Un constat peu surprenant quand on se penche sur la carrière de son auteur, Tetsuhiro Hirakawa. Très affilié au genre, il débute sa carrière en 2007 avec Clover, un manga-fleuve de voyous qui dénombre 43 volumes. Feu l'éditeur 12bis tentera l'aventure, mais mettra la clé sous la porte après seulement 9 opus publiés, laissant le titre largement inachevé chez nous. Hirakawa plongera ensuite dans l'univers de Crows en publiant pas moins de trois projets entre 2012 et 2020 : Crows Zero II, Crows Respect et Crows Explode. Les fans l'auront deviné à ces titres, deux des récits adaptent les deux derniers films live de la trilogie, tandis que le troisième est une anthologie de récits appelant différents mangaka et scénaristes. Et parce que l'auteur est prolifique, il aura publié entre temps Himawari, un furyo original en dix volumes. Une carrière riche en termes de récits de jeunes voyous, ce qui désignait Tetsuhiro Hirakawa pour un manga aussi ambitieux que Nine Peaks. En cours depuis 2022 dans le magazine Shônen Champion des éditions Akita Shoten, le manga dénombre 9 opus à ce jour, au Japon. Et étant donné le programme planté par ce premier volume, il y a de quoi souhaiter une longévité similaire à celle de Clover pour le dernier-né de Hirakawa.
Lycéen de 16 ans bagarreur, Gaku semble à l'opposé total de son père, Harumi. Depuis le décès de sa mère, le jeune homme voit son géniteur presque comme un inconnu, et n'a que peu d'affinités avec lui. Quand son père décède dans un accident de la route, Gaku est surpris de voir des funérailles bondées d'hommes qui le pleurent. Qui était vraiment Harumi ? Et qu'a-t-il fait pour être autant respecté ?
En partant à la pêche, le loisir de prédilection de son défunt géniteur, Gaku plonge dans l'eau et se réveille pas moins de 22 ans dans le passé, à côté d'un garçon de son âge qui n'est autre que son père ! Arborant un look de voyou de l'époque, il est aussi bagarreur que son futur fils, loin de l'homme sage et tranquille que Gaku pensait. Se rappelant de ce qui s'est dit à ses funérailles, le garçon prend conscience du rôle de son jeune père dans ce quartier autrefois malfamé, mais paisible dans le présent : unifier les lycées du coin. Une tâche qui semble impossible tant ces établissements regorgent de mauvaise graine. Ne pouvant retourner à son époque, Gaku décide de suivre son père dans cette quête.
Il est évident qu'à la lecture du synopsis, beaucoup pourront tiquer de certaines ressemblances avec Tokyo Revengers, le furyo fantastique de Ken Wakui. On pourra penser que le mélange de voyage temporel et de baston entre voyous de Nine Peaks n'est pas anodin, avant de laisser tout a priori de côté une fois la lecture de ce premier volume achevée.
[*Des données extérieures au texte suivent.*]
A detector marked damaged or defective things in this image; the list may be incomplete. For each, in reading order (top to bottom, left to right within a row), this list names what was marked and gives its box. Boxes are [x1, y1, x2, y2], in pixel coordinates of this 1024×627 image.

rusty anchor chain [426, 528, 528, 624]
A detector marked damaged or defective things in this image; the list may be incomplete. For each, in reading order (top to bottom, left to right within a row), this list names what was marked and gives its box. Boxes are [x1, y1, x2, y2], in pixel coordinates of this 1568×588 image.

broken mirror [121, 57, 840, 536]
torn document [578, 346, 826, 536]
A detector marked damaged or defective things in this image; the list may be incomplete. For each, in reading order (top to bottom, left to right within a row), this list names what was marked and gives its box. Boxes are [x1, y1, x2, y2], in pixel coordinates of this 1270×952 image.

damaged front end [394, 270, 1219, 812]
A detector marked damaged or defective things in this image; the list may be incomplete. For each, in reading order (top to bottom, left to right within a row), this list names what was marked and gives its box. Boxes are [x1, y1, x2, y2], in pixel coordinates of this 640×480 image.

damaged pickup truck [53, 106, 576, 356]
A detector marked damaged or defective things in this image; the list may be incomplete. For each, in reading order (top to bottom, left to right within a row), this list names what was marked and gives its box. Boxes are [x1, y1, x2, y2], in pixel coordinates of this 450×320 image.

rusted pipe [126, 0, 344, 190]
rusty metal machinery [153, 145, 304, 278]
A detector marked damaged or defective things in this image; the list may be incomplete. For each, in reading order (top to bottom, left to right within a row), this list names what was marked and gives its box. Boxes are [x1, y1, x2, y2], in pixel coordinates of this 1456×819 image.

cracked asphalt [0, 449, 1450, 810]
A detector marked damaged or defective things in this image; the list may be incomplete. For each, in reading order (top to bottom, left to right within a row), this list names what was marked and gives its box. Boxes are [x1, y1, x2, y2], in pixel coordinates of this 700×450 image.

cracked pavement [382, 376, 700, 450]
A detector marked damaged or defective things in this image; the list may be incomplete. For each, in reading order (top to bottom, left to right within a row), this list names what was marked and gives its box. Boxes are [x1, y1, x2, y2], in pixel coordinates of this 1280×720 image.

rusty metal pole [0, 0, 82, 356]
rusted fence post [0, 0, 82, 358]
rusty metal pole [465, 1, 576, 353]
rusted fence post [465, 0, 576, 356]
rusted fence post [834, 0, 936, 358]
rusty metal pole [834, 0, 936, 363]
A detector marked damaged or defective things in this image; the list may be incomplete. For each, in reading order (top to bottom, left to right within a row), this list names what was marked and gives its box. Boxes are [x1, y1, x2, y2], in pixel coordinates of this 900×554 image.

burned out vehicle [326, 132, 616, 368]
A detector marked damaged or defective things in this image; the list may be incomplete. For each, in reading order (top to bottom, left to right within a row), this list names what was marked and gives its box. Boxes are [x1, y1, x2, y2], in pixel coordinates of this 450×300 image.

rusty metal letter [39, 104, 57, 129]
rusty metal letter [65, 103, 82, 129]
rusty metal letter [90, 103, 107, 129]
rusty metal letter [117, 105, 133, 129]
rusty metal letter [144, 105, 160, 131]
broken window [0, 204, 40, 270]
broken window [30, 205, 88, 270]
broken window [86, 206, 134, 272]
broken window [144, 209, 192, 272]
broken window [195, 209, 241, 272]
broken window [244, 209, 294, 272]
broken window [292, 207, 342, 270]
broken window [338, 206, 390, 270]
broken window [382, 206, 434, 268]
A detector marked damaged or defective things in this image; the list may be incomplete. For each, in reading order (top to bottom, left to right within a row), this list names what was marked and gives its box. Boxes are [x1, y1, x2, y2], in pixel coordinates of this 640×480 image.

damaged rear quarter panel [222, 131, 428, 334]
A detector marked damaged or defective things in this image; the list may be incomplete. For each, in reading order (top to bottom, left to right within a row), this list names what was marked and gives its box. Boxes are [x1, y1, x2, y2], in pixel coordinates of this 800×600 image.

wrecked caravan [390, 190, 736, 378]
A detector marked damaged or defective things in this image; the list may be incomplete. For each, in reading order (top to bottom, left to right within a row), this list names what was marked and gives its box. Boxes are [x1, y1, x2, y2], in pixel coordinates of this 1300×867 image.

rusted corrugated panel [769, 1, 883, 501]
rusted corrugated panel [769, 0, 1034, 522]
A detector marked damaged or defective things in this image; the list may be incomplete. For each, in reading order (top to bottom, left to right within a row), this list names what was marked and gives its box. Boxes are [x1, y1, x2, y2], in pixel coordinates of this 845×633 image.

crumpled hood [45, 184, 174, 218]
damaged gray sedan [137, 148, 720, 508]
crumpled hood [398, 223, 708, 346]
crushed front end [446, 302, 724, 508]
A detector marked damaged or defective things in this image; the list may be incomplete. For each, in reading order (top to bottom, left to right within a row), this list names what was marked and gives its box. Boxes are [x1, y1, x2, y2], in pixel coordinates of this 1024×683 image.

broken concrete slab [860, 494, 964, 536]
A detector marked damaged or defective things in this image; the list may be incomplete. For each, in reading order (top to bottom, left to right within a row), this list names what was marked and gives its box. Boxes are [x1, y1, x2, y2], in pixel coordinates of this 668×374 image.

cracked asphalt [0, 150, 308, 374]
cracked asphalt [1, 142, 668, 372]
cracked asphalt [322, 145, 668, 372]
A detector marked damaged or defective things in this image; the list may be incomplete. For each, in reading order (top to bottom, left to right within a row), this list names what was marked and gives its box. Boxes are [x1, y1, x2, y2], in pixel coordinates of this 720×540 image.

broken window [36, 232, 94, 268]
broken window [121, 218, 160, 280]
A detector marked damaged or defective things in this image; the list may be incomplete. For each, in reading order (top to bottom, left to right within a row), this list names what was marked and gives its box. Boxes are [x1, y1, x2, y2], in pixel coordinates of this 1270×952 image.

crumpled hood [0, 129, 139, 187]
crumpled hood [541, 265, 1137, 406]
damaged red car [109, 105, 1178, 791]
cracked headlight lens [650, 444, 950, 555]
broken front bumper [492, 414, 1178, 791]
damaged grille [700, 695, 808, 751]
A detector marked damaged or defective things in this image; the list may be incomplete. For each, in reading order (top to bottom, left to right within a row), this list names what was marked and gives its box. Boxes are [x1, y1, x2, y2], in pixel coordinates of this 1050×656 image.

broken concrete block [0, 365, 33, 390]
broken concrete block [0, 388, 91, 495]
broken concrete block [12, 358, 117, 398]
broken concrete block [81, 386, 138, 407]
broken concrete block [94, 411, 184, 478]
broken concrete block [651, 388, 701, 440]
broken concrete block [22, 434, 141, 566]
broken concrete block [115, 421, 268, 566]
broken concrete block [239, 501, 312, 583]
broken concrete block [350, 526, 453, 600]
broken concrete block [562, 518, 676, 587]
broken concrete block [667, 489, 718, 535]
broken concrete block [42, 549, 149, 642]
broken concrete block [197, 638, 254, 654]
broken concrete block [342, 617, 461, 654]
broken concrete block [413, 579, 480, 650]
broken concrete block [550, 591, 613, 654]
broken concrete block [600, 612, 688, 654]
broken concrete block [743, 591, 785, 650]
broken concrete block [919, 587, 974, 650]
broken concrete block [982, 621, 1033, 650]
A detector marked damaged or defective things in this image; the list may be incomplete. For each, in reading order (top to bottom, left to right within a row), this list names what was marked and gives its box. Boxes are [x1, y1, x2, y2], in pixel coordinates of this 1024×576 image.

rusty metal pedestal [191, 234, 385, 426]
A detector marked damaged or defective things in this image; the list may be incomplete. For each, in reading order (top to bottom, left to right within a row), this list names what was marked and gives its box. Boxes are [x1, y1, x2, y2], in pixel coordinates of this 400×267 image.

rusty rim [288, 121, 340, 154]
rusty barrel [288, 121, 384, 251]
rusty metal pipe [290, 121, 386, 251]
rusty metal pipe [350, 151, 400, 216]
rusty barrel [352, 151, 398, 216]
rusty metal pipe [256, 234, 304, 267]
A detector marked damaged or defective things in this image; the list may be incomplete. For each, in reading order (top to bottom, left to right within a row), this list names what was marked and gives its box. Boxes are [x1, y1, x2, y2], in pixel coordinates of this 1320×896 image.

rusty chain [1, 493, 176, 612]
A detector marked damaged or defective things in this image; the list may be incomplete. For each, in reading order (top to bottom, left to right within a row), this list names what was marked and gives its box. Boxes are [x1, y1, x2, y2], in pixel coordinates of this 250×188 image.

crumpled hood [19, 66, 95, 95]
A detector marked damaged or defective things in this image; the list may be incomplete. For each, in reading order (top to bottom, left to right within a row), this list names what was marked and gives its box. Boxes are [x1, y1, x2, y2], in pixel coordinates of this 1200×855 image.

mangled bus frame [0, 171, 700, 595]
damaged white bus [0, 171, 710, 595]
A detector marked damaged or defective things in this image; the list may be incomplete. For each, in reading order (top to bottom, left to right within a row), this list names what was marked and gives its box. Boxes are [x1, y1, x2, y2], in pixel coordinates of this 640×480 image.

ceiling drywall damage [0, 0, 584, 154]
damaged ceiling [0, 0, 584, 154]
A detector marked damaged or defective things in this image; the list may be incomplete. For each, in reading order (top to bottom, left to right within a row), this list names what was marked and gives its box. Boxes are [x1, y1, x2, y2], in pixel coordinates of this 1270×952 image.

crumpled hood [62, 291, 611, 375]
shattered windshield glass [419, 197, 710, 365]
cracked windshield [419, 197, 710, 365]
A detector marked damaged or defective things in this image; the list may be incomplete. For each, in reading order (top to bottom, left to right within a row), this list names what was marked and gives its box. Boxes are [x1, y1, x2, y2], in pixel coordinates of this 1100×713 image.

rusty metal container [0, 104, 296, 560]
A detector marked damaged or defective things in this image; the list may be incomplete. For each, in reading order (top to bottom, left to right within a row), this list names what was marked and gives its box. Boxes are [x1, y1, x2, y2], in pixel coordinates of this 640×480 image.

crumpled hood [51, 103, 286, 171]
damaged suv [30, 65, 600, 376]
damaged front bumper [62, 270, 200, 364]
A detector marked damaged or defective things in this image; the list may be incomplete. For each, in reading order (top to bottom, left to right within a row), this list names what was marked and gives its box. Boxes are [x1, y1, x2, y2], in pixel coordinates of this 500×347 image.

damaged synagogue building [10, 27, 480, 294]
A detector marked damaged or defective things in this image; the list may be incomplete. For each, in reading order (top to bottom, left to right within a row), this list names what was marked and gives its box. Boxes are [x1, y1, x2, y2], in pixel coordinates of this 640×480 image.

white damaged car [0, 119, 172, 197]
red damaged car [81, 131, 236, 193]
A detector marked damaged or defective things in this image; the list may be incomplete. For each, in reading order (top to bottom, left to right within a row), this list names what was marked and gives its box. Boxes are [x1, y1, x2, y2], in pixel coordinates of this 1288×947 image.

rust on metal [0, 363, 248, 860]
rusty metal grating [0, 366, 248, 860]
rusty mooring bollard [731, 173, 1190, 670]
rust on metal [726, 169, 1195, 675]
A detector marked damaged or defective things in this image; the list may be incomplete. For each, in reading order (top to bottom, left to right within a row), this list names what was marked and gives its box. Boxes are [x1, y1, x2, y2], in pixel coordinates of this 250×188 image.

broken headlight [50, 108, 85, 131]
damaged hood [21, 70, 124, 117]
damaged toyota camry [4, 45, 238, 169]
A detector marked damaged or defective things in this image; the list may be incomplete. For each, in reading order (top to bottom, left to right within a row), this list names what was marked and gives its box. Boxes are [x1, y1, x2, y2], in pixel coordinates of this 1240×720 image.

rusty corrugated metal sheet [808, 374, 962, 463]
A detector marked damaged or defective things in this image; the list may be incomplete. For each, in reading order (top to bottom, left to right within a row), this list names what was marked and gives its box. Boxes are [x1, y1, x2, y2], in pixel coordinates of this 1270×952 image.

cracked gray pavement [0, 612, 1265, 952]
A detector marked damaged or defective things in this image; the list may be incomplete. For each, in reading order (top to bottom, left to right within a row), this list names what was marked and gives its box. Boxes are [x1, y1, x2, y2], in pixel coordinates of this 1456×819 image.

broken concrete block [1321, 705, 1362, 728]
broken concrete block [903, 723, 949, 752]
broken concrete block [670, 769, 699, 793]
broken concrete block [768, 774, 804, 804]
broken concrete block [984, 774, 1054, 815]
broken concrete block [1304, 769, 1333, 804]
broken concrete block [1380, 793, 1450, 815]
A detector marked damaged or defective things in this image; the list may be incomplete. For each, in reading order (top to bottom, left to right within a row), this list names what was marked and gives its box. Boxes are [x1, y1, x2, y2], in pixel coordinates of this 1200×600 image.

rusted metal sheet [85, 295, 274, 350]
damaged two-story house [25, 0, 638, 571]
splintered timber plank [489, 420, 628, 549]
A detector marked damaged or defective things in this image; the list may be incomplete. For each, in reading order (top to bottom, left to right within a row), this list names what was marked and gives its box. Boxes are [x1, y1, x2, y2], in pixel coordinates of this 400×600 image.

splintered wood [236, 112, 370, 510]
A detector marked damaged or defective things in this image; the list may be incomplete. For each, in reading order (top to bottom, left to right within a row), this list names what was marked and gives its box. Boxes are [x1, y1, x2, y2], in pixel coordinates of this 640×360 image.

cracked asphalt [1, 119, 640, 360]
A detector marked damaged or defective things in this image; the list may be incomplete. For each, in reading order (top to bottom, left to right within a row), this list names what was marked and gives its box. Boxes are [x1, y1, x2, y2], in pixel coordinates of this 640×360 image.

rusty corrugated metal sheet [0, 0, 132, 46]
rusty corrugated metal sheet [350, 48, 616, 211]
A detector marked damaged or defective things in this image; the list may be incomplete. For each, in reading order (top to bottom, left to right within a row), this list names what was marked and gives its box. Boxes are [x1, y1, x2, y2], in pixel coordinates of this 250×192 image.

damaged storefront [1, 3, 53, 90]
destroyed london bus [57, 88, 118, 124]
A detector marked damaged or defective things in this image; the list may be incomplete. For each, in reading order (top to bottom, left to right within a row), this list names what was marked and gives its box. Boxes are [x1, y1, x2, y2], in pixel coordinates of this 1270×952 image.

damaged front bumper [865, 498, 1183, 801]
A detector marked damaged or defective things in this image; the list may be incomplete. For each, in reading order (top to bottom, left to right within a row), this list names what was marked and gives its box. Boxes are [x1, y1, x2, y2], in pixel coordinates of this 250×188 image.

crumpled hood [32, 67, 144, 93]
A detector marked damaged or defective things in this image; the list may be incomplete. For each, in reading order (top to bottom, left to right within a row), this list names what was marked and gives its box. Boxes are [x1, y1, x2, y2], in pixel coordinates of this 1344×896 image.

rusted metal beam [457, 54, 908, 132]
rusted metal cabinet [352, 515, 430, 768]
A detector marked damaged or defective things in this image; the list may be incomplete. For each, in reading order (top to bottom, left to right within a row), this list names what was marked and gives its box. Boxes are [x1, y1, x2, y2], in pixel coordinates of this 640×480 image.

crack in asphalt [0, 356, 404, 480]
Moins sensationnaliste, le début d'œuvre de Tetsuhiro Hirakawa ne fait pas des bonds dans le temps un élément de premier plan ni un moteur pour des éléments dramatiques et larmoyants. Qu'à cela ne tienne, il ne délaisse pas la mécanique une fois utilisée pour lancer le récit, puisqu'il la développe déjà avec quelques idées intrigantes, mais qu'on se gardera bien de révéler dans ces lignes.
Alors, Nine Peaks vient plutôt chercher sa qualité émotionnelle sur le rapport qui va se lier entre Gaku et Harumi, son père dans une version adolescente. Après un premier long chapitre qui plante un cadre assez intimiste, le début d'aventure poursuit dans cette lignée quand il s'agit de planter la perception des événements du héros qui redécouvre sa famille sous un pan neuf, comme s'il ne la connaissait pas réellement. La thématique familiale est clairement au cœur de ce que veut raconter Tetsuhiro Hirakawa. Il narre un début de fable touchant, parfois même très drôle, et se sert de la dimension furyo pour créer un cadre supplémentaire et développer un terrain où une empathie pourra se forger entre Gaku et Harumi. C'est une vision que le maître manie extrêmement bien sur ce premier ouvrage, donnant l'impression que Nine Peaks sera, à terme, un récit de baston entre voyous pas comme les autres.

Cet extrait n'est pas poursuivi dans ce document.